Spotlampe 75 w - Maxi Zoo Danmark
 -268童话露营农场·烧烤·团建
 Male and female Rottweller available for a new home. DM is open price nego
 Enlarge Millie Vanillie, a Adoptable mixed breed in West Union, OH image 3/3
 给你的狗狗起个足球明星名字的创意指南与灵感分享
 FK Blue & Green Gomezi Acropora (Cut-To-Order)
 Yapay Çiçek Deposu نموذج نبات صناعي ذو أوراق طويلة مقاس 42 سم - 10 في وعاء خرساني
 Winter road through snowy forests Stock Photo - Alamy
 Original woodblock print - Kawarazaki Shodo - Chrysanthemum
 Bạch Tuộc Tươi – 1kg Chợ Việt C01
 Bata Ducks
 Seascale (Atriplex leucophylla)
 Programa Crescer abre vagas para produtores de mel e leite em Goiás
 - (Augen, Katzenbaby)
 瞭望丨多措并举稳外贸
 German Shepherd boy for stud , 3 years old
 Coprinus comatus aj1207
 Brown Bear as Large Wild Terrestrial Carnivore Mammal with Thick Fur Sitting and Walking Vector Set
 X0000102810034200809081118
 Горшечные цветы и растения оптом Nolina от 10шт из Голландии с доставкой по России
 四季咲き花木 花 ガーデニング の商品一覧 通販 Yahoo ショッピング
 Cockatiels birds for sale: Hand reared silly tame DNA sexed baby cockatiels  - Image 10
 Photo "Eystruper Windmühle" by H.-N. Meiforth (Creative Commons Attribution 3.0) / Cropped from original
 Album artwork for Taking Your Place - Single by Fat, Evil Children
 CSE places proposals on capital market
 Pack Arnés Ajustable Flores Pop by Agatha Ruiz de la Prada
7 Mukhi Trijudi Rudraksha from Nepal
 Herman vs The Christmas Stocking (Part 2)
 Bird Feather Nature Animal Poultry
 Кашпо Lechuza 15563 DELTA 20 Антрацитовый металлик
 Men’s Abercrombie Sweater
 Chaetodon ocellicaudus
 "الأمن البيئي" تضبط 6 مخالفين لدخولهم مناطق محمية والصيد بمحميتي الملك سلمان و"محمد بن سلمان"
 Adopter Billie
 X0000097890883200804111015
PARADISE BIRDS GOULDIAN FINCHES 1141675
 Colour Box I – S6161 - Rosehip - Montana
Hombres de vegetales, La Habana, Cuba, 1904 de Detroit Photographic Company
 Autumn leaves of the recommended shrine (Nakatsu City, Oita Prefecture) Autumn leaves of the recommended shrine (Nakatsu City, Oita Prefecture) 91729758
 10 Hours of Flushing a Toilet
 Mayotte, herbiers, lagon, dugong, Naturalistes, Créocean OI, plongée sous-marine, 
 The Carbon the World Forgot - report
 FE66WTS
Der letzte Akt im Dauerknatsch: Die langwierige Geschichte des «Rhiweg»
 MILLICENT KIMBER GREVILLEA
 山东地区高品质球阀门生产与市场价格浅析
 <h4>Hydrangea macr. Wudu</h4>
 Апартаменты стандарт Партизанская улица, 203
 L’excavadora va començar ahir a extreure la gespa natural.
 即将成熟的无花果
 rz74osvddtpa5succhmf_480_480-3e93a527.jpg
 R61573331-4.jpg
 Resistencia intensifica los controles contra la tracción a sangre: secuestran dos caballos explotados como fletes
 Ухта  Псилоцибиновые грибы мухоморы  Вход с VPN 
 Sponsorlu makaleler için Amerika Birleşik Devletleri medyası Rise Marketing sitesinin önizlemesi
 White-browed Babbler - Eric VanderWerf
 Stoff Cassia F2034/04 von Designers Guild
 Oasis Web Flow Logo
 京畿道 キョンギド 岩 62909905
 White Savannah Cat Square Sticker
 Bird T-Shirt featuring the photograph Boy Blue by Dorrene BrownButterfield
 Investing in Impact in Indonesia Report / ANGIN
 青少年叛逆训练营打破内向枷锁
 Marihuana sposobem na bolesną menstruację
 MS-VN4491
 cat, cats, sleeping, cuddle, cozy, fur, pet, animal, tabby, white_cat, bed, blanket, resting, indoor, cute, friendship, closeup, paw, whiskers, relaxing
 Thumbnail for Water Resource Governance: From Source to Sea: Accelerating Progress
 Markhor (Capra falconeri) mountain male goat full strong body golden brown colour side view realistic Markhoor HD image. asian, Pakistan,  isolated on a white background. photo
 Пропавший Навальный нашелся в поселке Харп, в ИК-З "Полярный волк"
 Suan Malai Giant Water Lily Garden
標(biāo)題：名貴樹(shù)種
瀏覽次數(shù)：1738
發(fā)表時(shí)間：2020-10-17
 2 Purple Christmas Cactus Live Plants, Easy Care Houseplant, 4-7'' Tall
■ ■ ■ ■ ■
Using the records above, set down exactly the lines from the one with "给你的狗狗起个足球明星名字的创意指南与灵感分享" through the one with "PARADISE BIRDS GOULDIAN FINCHES 1141675", inclusive, and nothing more.

 给你的狗狗起个足球明星名字的创意指南与灵感分享
 FK Blue & Green Gomezi Acropora (Cut-To-Order)
 Yapay Çiçek Deposu نموذج نبات صناعي ذو أوراق طويلة مقاس 42 سم - 10 في وعاء خرساني
 Winter road through snowy forests Stock Photo - Alamy
 Original woodblock print - Kawarazaki Shodo - Chrysanthemum
 Bạch Tuộc Tươi – 1kg Chợ Việt C01
 Bata Ducks
 Seascale (Atriplex leucophylla)
 Programa Crescer abre vagas para produtores de mel e leite em Goiás
 - (Augen, Katzenbaby)
 瞭望丨多措并举稳外贸
 German Shepherd boy for stud , 3 years old
 Coprinus comatus aj1207
 Brown Bear as Large Wild Terrestrial Carnivore Mammal with Thick Fur Sitting and Walking Vector Set
 X0000102810034200809081118
 Горшечные цветы и растения оптом Nolina от 10шт из Голландии с доставкой по России
 四季咲き花木 花 ガーデニング の商品一覧 通販 Yahoo ショッピング
 Cockatiels birds for sale: Hand reared silly tame DNA sexed baby cockatiels  - Image 10
 Photo "Eystruper Windmühle" by H.-N. Meiforth (Creative Commons Attribution 3.0) / Cropped from original
 Album artwork for Taking Your Place - Single by Fat, Evil Children
 CSE places proposals on capital market
 Pack Arnés Ajustable Flores Pop by Agatha Ruiz de la Prada
7 Mukhi Trijudi Rudraksha from Nepal
 Herman vs The Christmas Stocking (Part 2)
 Bird Feather Nature Animal Poultry
 Кашпо Lechuza 15563 DELTA 20 Антрацитовый металлик
 Men’s Abercrombie Sweater
 Chaetodon ocellicaudus
 "الأمن البيئي" تضبط 6 مخالفين لدخولهم مناطق محمية والصيد بمحميتي الملك سلمان و"محمد بن سلمان"
 Adopter Billie
 X0000097890883200804111015
PARADISE BIRDS GOULDIAN FINCHES 1141675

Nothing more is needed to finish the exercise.